§ **ABOUT THIS EXERCISE**: Restate the listing below word for word, pictures excluded.

§ **DATASET CONTENT**:
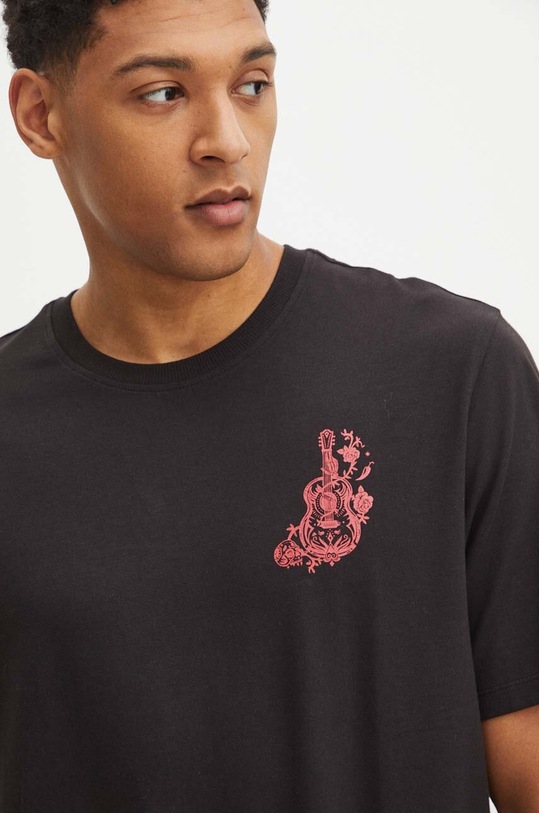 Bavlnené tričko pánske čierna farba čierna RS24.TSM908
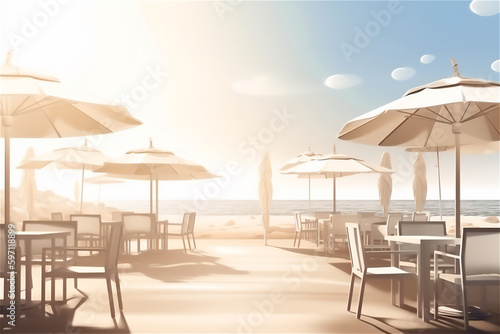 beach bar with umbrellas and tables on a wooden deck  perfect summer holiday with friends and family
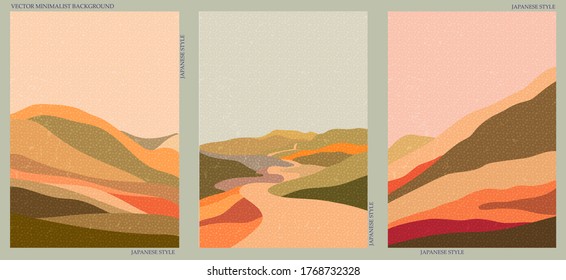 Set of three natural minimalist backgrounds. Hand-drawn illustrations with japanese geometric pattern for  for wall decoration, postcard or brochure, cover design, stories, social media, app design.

§ **ANSWER FOR THE TASK**:
 Bavlnené tričko pánske čierna farba čierna RS24.TSM908
 beach bar with umbrellas and tables on a wooden deck  perfect summer holiday with friends and family
 Set of three natural minimalist backgrounds. Hand-drawn illustrations with japanese geometric pattern for  for wall decoration, postcard or brochure, cover design, stories, social media, app design.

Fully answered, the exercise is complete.